ABD ve Güney Kore arasındaki ortak askeri faaliyetler, Kuzey Kore yönetimini rahatsız etmeye devam ediyor. Özellikle, 20 Şubat 2025 tarihinde Kore Yarımadası’nda gerçekleştirilen ortak hava tatbikatı, Kim Jong Un liderliğindeki Kuzey Kore’nin sert eleştirilerine hedef oldu. Bu tür faaliyetler, Pyeongyang yönetimi tarafından sıkça eleştirilmekte ve karşı tepkilerle yanıtlanmaktadır.
Kuzey Kore Dışişleri Bakanlığı, ABD ve Güney Kore arasında giderek artan askeri faaliyetlere dair bir açıklama yaptı. Bakanlık, ABD Başkanı Donald Trump’ın görev süresinin başlamasından bu yana, ABD ve müttefiklerinin askeri provokasyonlarının ciddi bir şekilde arttığına dikkat çekti.
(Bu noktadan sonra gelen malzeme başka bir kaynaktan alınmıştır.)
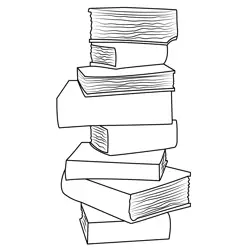 Book Stack Free Coloring Page for Kids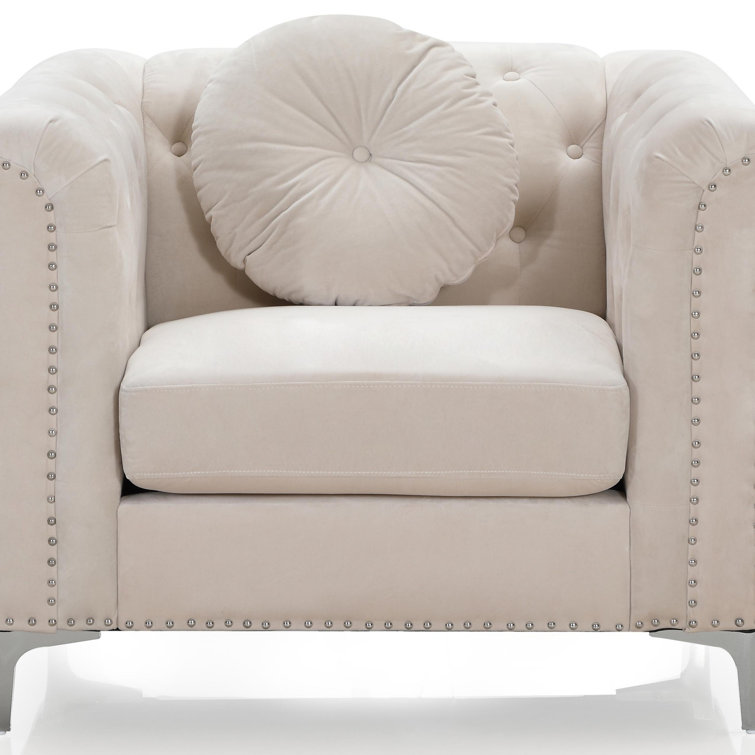 Ivory Velvet Luxe Wood-Trimmed Armchair with Chrome Accents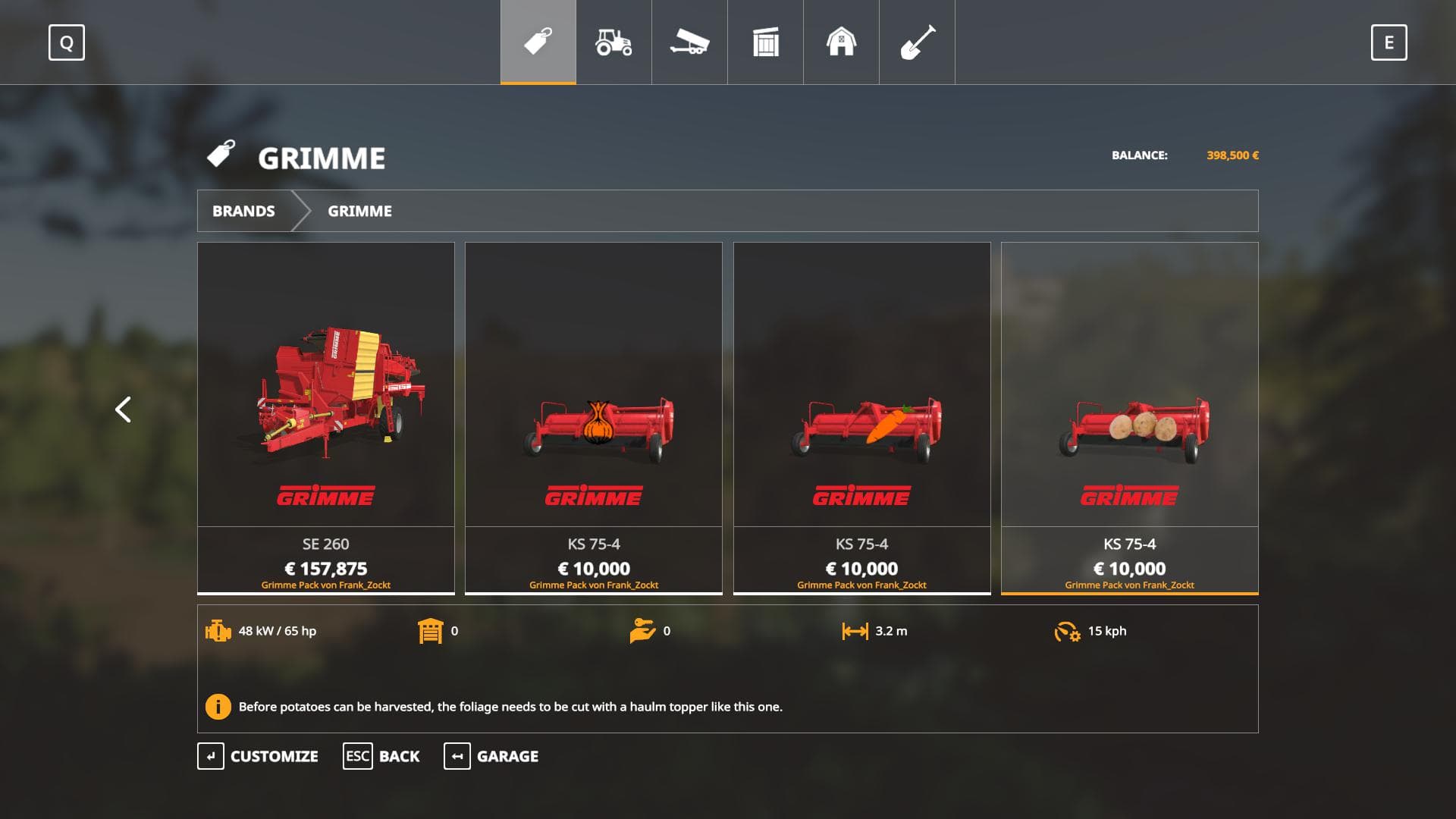 GRIMME PACK SE260 KS75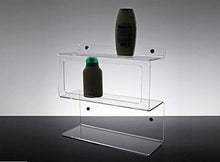 Slato Mensola da bagno a tre ripiani a muro porta oggetti dal design moderno in plexiglass trasparente Momo (40 × 13 × 33 cm)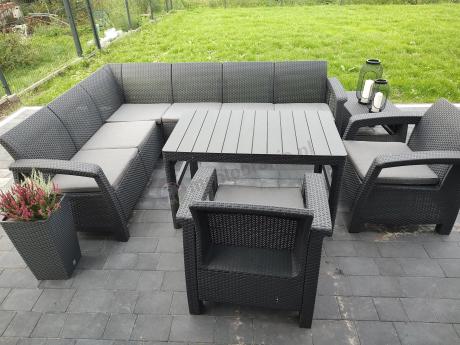 Zestaw dla 8 osób z narożnikiem, stołem podnoszonym i dwoma fotelami Relly VI grafit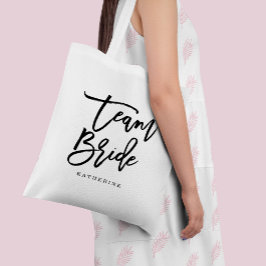 Bolso De Tela Típografía de broche con letras elegantes "Novia d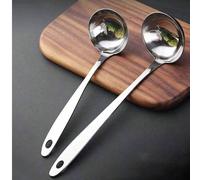 1 pièce Louche à soupe en acier inoxydable avec long manche et passoire grillagée, avec trous de filtrage, parfait pour servir la soupe, le jus, le pot-au-feu et pour la cuisine, les cadeaux de Noël,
Bu bağlamda, Kuzey Kore’nin askeri eylemlerini sürdürme kararlılığını vurguladı.
Açıklamanın devamında, “ABD ve diğer düşmanların tehditlerine stratejik araçlarımızla karşılık verecek ve Kore Yarımadası’ndaki istikrarsız güvenlik ortamını kontrol altına almaya yönelik sorumlu askeri faaliyetlerimizi sürdüreceğiz.” ifadesi dikkat çekti. Kuzey Kore’nin bu tutumu, askeri provokasyonlar karşısında alacağı önlemleri net bir şekilde ortaya koyuyor.
Kuzey Kore, ABD’nin Kore Yarımadası’na nükleer denizaltı ve çeşitli taktik/stratejik keşif uçakları göndererek provokatif askeri hamleler yaptığını iddia etti. Bakanlık açıklamasında, bu tür hamlelerin mevcut ABD yönetiminin dünyanın herhangi bir ülkesine karşı ani bir nükleer saldırı düzenleme arzusunu açıkça ortaya koyduğunu belirtti. “Bunun temel amacı, ezici güç avantajı elde etmektir,” denildi.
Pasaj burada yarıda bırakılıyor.